Apparently a "19th-century Russian space visionary" named Konstantin Tsiolkovsky first came up with the idea, proposing "a 'celestial castle' in space at the end of a spindly tower, to be reached by humans in an elevator running up and down the tower's length." And so on and so on.
Meanwhile, I've been thinking a lot about cathedral architecture, and about the apparent lack of structural ideas in contemporary Christian architecture, and I've become very interested in the idea that elevators could be used as prayer chapels – vertically nomadic radial spaces in which the pious, or simply those who've been abandoned by the world, could spend time alone and think. So the question is: could you reinvigorate interest in Christianity, say, by constructing a kind of space cathedral – a geostationary extension of Notre-Dame, an earthless Vatican – made of nothing but tethered elevators: glass spaces, filled with sculpture and light, riding up and down throughout the atmosphere? Or a space mosque, for that matter, a space synagogue?

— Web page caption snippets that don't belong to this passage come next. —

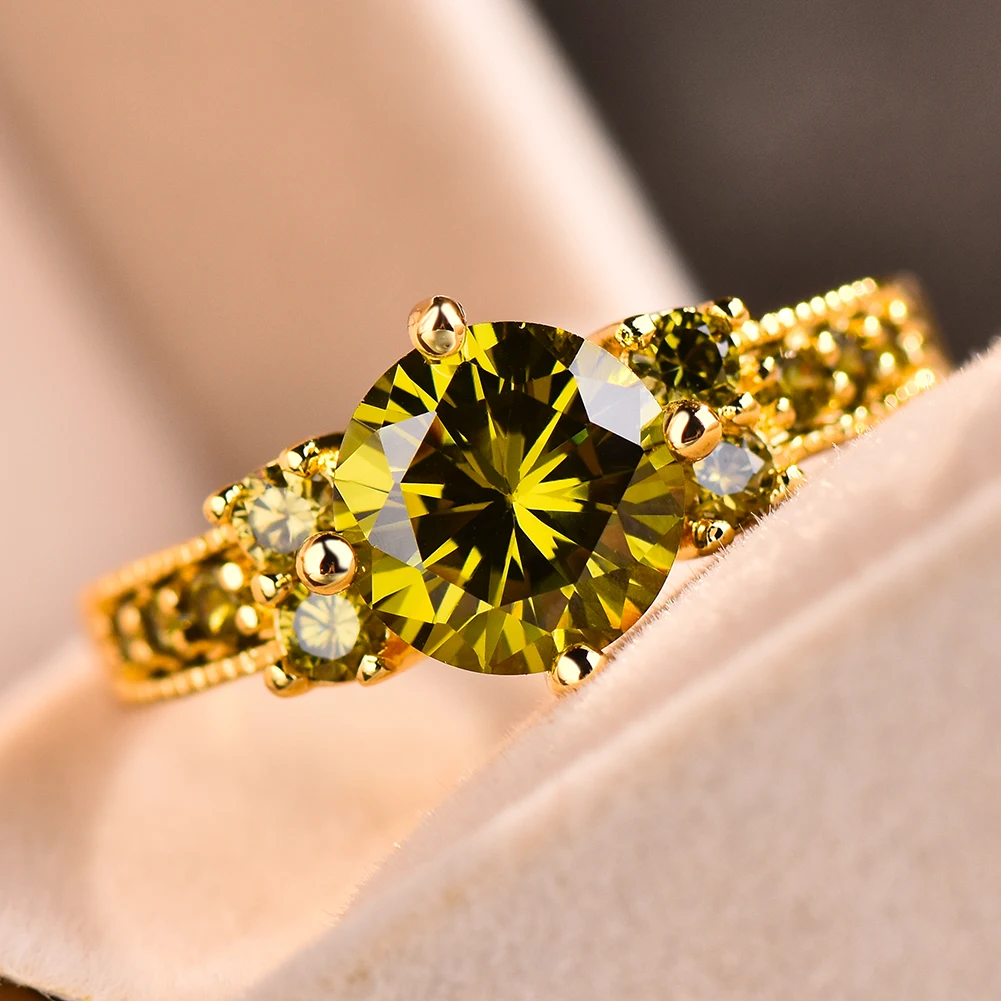 Очаровательное женское кольцо с оливковым зеленым кристаллом и камнем винтажное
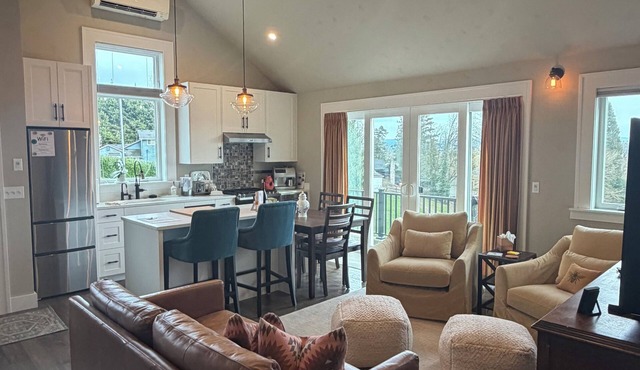 Walnut Springs Carriage House in Camas city limits, Two Bedrooms-Two Bathrooms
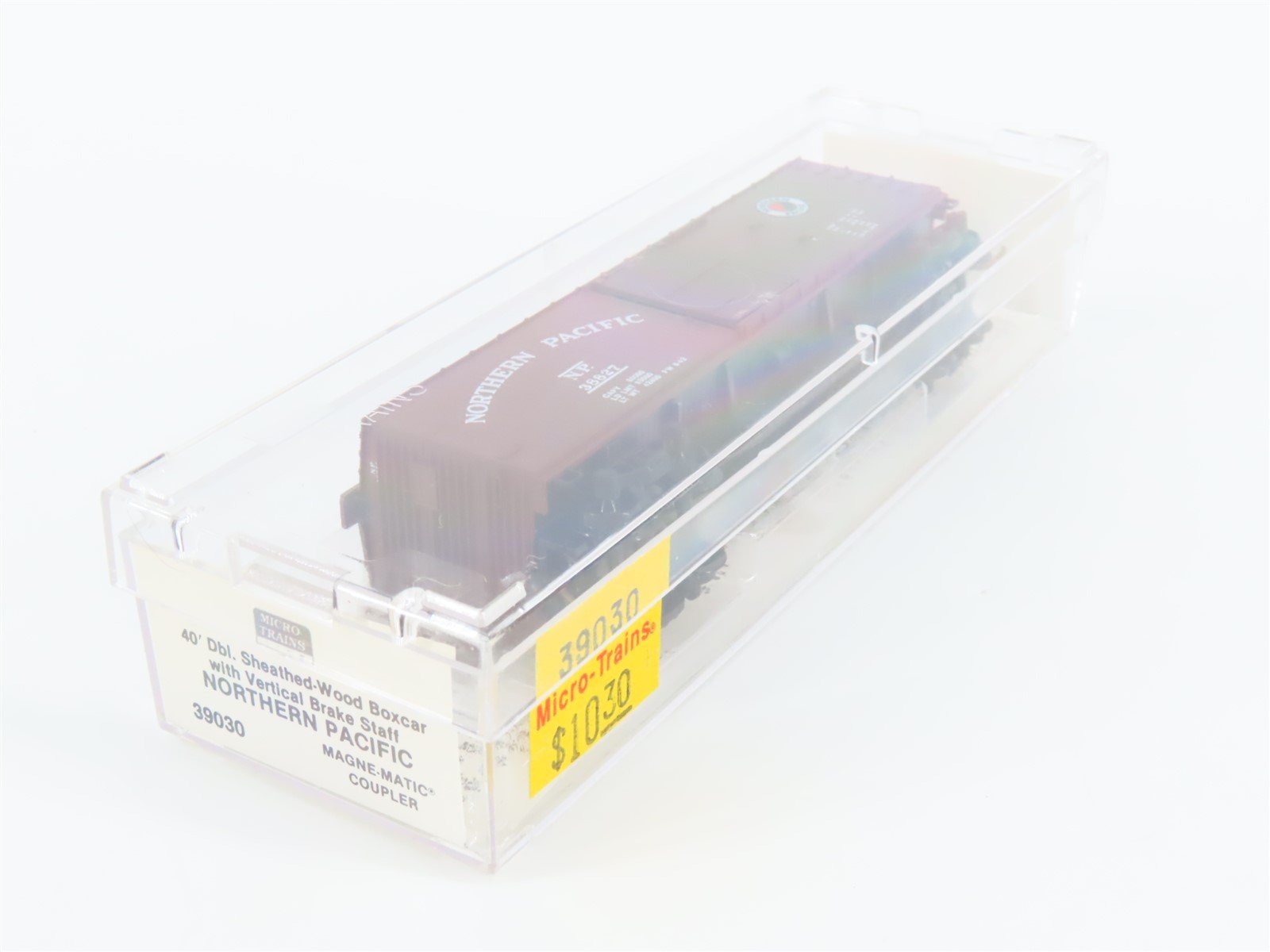 N Scale Micro-Trains Line MTL 39030 NP Northern Pacific 40' Box Car #38827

A cathedral made entirely from glass elevators is certainly not a technical challenge; it shouldn't even be a question of budget or funding.
In the city distance somewhere twenty years from now you see a shimmering mirage: a cathedral of glass and steel and its ten thousand elevator-chapels, each riding magneto-pneumatic enginery into space...
From earth to the moon: a night in the Sistine Elevator.

(Earlier: Churches of the void-grinder and Church of Earth, Magmatic, the latter a particular favorite of mine).